Finally and time permitting, I will touch upon future research directions.

Note: Most of this presentation is geared toward a general audience.



Title:

A Compilation Framework for Hybrid Applications

DATE: Tuesday Jan 26
TIME/PLACE: 4-5PM, L324
SPEAKER: Dhruva Chakrabarti, ECE Department

Abstract:
In this talk, I will present an approach for parallelizing hybrid applications to be executed on distributed memory machines. I will explain the issues relevant to obtaining good performance for parallel hybrid programs. Several data distribution schemes will be considered and schemes to handle various kinds of accesses will be presented. Comparison of our scheme with some others will be presented at an abstract level. I will finally present some experimental results to show the feasibility of our approach.



Title:

Prediction and Scheduling for Shared Clusters of Workstations

DATE: Tuesday Feb 02
TIME/PLACE: 4-5PM, L324
SPEAKER: Prof. Jennifer Schopf, Computer Science Department

Abstract:
Current distributed parallel platforms can provide the resources required to execute a scientific application efficiently. However, when these platforms are shared by multiple users, the performance of the applications using the system may be impacted in dynamic and often unpredictable ways. In particular, it becomes challenging to achieve good performance for any single application using the shared resources.

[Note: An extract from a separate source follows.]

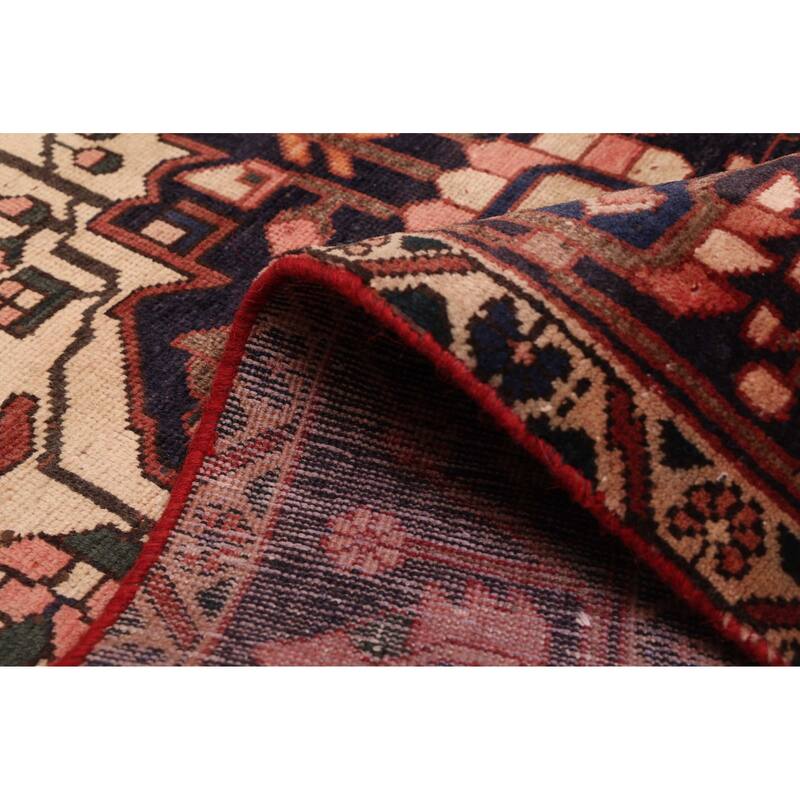 ECARPETGALLERY Hand-knotted Kayseri Vintage Dark Red Wool Rug - 5'0 x 8'5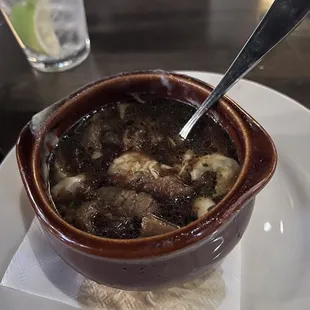 French onion Crock of Soup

This talk will discuss a promising approach for predicting and scheduling distributed parallel applications using stochastic data, or distributions. Whereas a point value provides a single value representation of a quantity, a stochastic value provides a set of possible values weighted by probabilities to represent a range of likely behavior. We then use these values in a stochastic scheduling policy to achieve faster execution times with more predictable application behavior.



(Invited Speaker)

Title:

Intelligent Distributed Shared Memory

DATE: Tuesday Feb 09
TIME/PLACE: 4-5PM, B211 (Mechanical Engineering Conference Room)
SPEAKER: Prof. Babak Falsafi, ECE Department, Purdue University

Abstract:
Distributed shared memory (DSM) has emerged as a promising approach to building large-scale shared-memory servers. DSM provides a shared-memory programming abstraction despite having memory physically distributed. Application performance tuning on DSM, however, is often difficult due to the inherent non-uniform nature of memory. In DSM, remote memory accesses often take up to 10 to 100 times longer than local memory accesses. Conventional proposals to improve DSM performance provide software interfaces to optimize shared memory accesses and leave the burden of using them to the application programmer and/or compiler writer.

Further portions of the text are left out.